:: Work order ::
Each line of the data below between the one containing "Framed canvas depicting" and the one containing "Enjoy the music.", both included, is to be repeated exactly. Please omit pictures.

:: Data extract ::
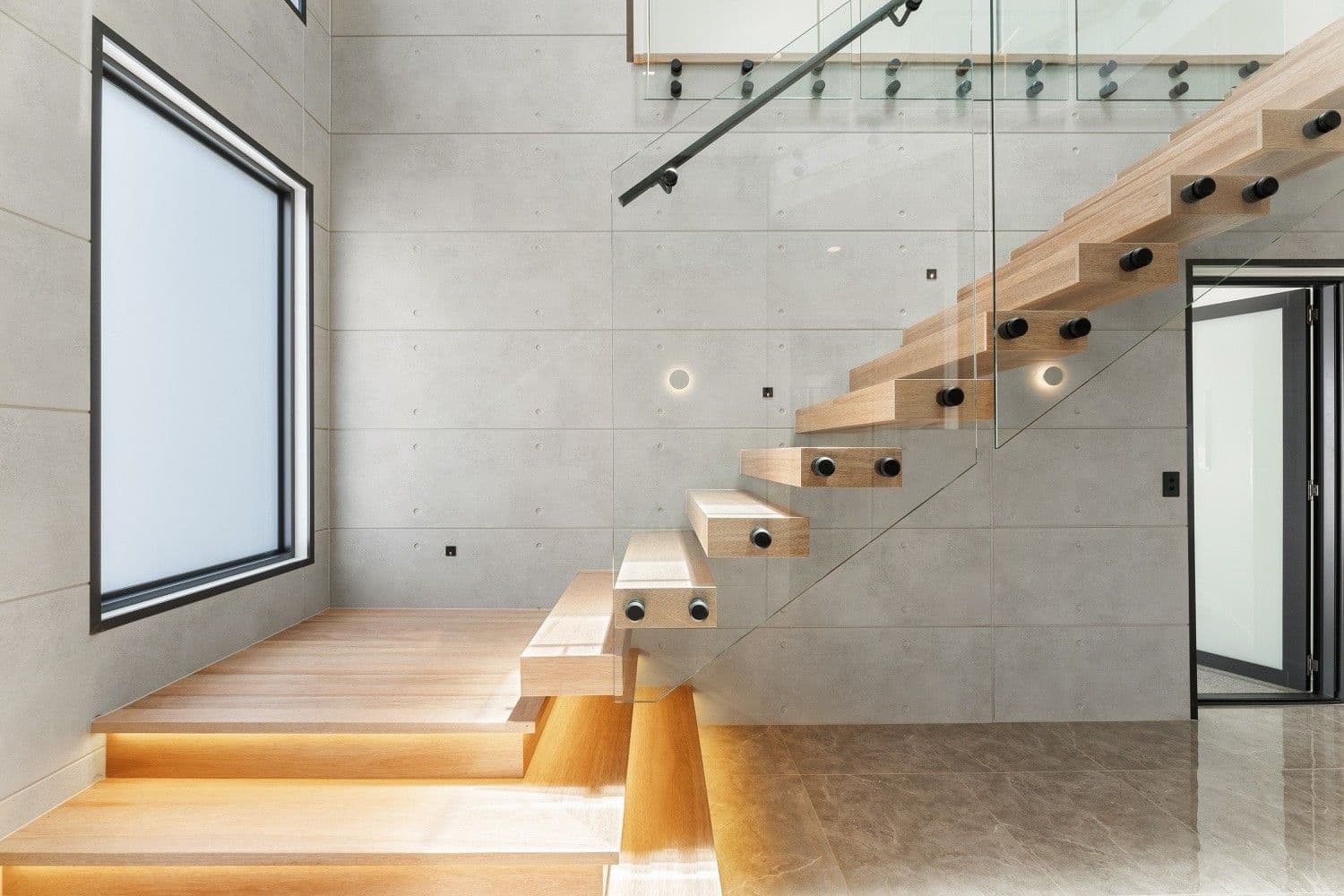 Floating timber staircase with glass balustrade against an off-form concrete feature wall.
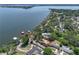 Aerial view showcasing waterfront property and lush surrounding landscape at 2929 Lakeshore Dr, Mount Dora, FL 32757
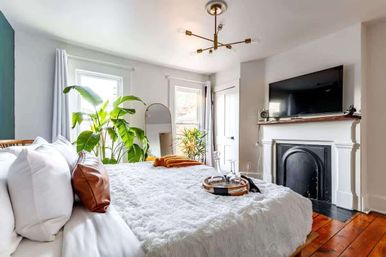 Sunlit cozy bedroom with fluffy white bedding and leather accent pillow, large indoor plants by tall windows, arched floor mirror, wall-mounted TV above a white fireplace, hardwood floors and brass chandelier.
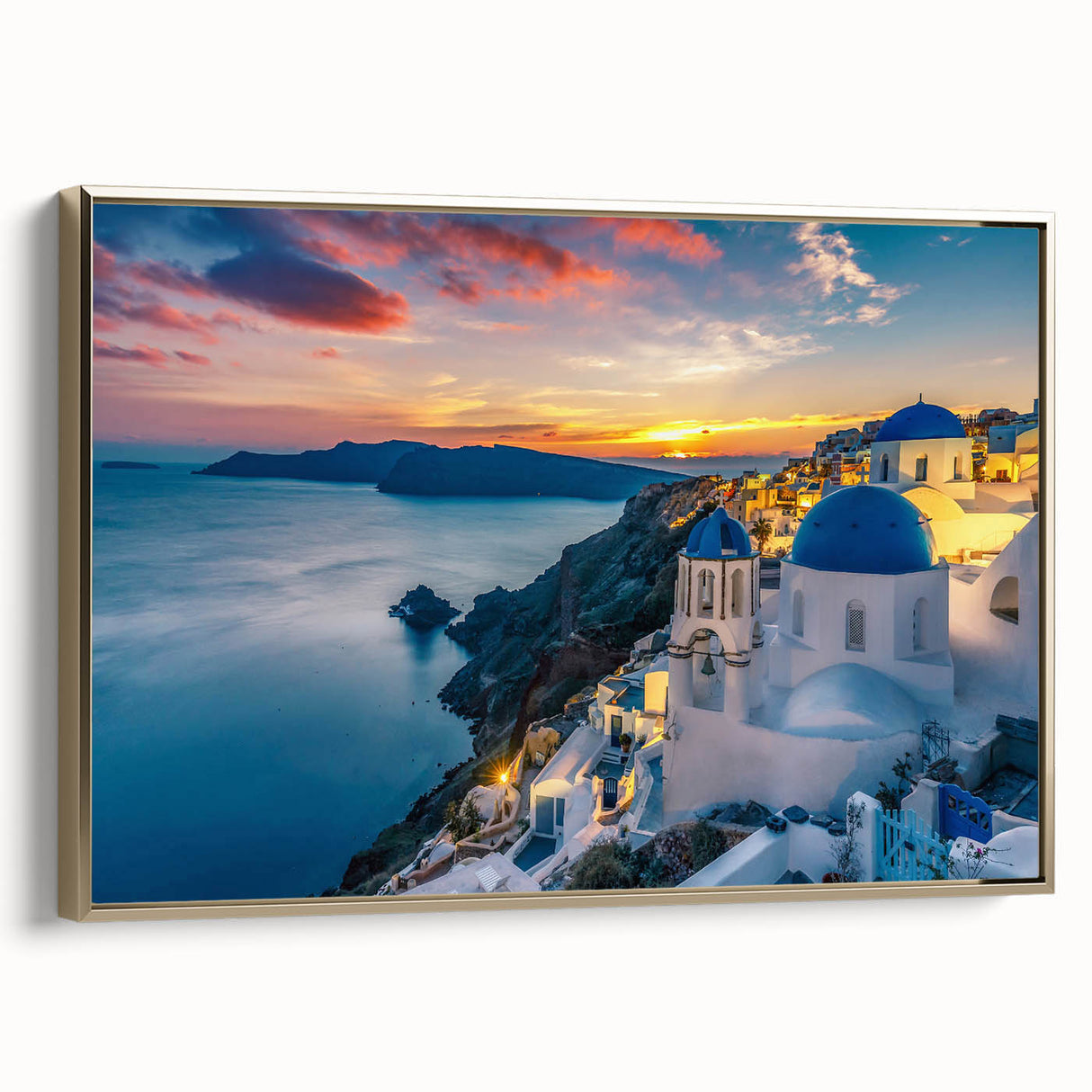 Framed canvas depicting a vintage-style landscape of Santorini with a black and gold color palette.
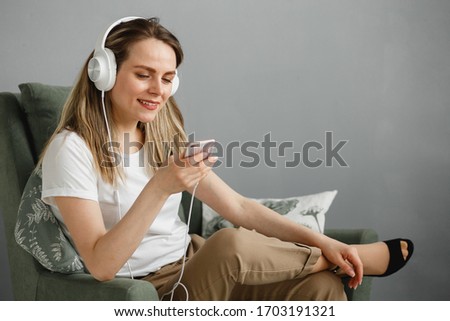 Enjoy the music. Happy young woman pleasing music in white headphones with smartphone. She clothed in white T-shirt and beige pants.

==

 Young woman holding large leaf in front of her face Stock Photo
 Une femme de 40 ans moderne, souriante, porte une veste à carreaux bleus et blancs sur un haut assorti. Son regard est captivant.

:: Task answer ::
 Framed canvas depicting a vintage-style landscape of Santorini with a black and gold color palette.
 Enjoy the music. Happy young woman pleasing music in white headphones with smartphone. She clothed in white T-shirt and beige pants.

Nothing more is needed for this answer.